Dear Zachary: A Letter to a Son About His Father. At some point last year I polled friends for movies that most reliably make them cry. They were right on this one. It’s completely gutting. Interesting how often documentaries can become their own subject, the creator becoming aware of and changing/reacting to the story in front of them as it goes along.
Lady Bird. I like the momentum. Great in its cuts and edits and how it skips through time. Like our heroine, it refuses to get stuck.
Murder on the Orient Express. I think my favorite part was the extended opening, gathering up all the players before the journey starts. Mostly entertaining. The final act/resolution seems a bit over-cooked. I wonder if it comes across better in the book, though.
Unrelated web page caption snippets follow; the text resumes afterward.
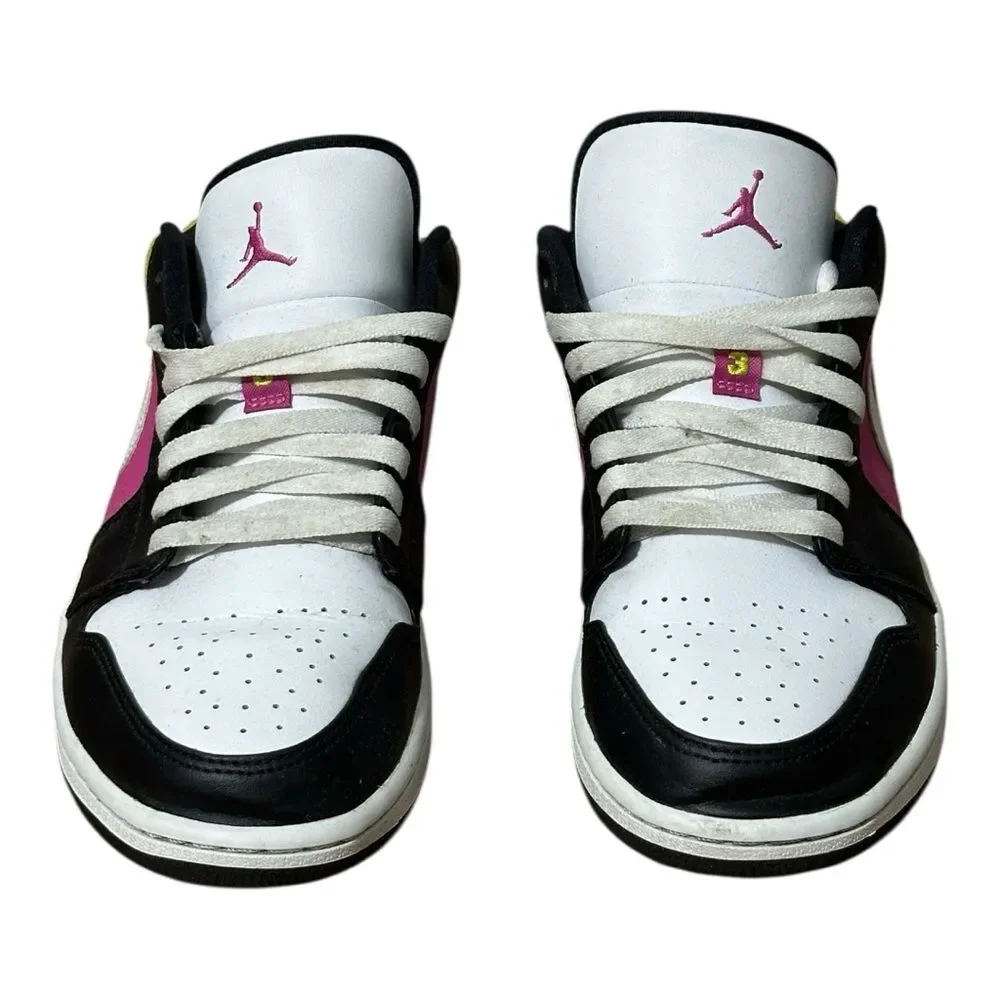 Jordan all orders
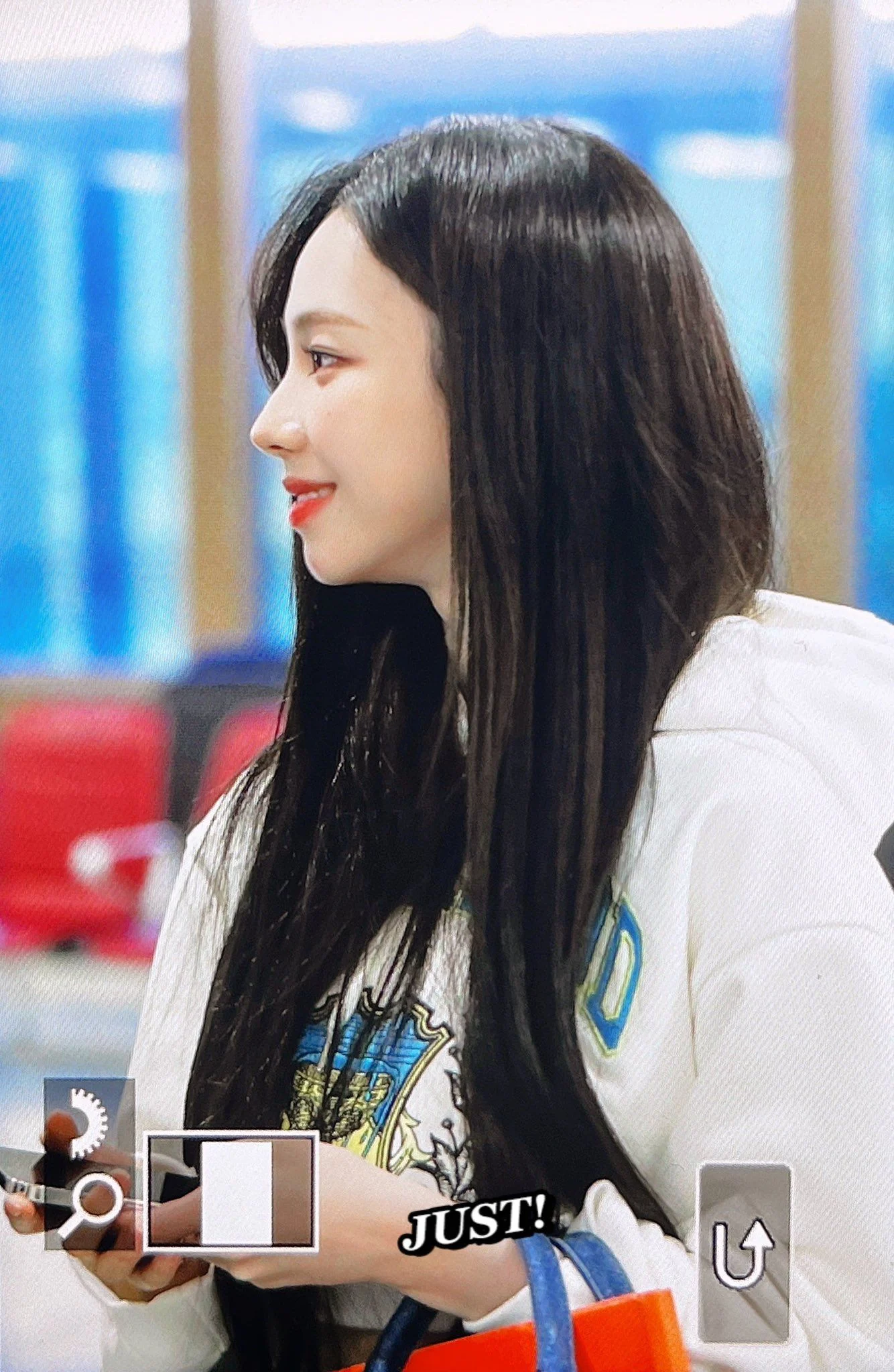 [잡담] 카리나 오늘 넘 훈녀야 | 인스티즈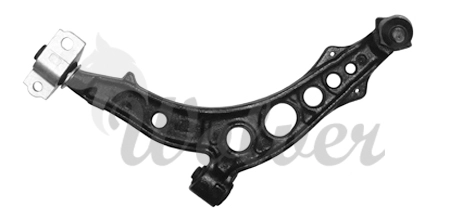 Rotule de barre de connexion WOLVER SP303871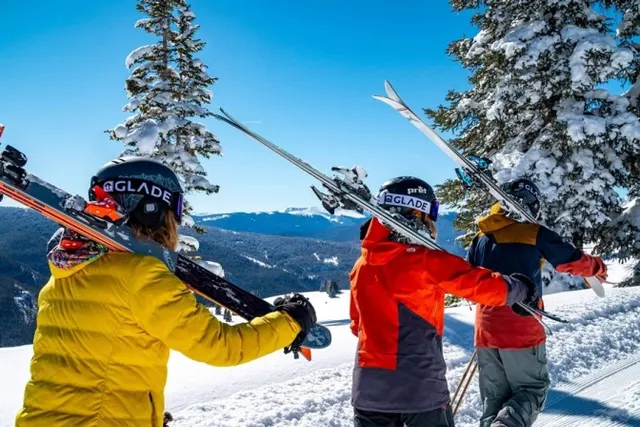 Początek sezonu narciarskiego i FREE SKI na start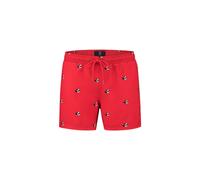 A-DAM Boys Swim Shorts Kids Roelof Red Talla: 5/6 | Bañadores Outlet | Unisex | Rojo
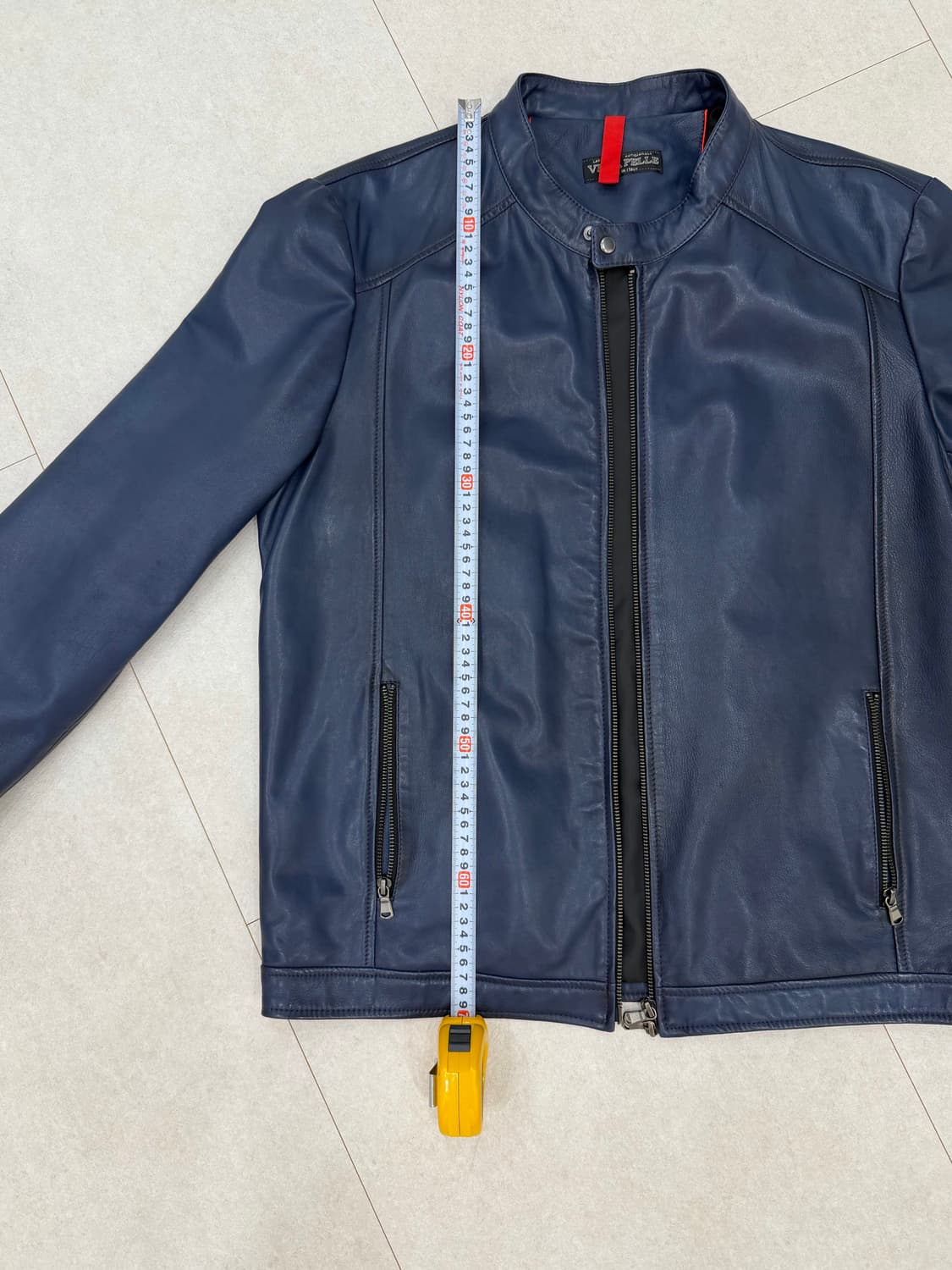 천연 양가죽 자켓 상품이미지4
Uptown Girls. It’s not great but I love that it makes the effort to be better than it strictly needs to be to get the job done. Like the high-energy opening setpiece, around the room and out the building to grab a taxi. Small touches like the quick cut when looking at the mirror in horror; the Road Runner cartoon playing during the break-up scene; the use of mirrors and blocking during the ballet practice; the cuts between street fights; the train reaction shot transitioning to Coney Island; the spin of the teacup echoing the spin at the beginning of the movie. It all adds up. Brittany Murphy is completely charming.
Source Code. It’s good clean fun!
Angel Heart. Love the mood and atmosphere. A nice blend of noir and horror, sort of ambling along as our PI reluctantly goes where the clues take him. Mickey Rourke was super charismatic. Haven’t seen much with him aside from the recent stuff (Iron Man 2, The Wrestler, and the small bit in Man on Fire).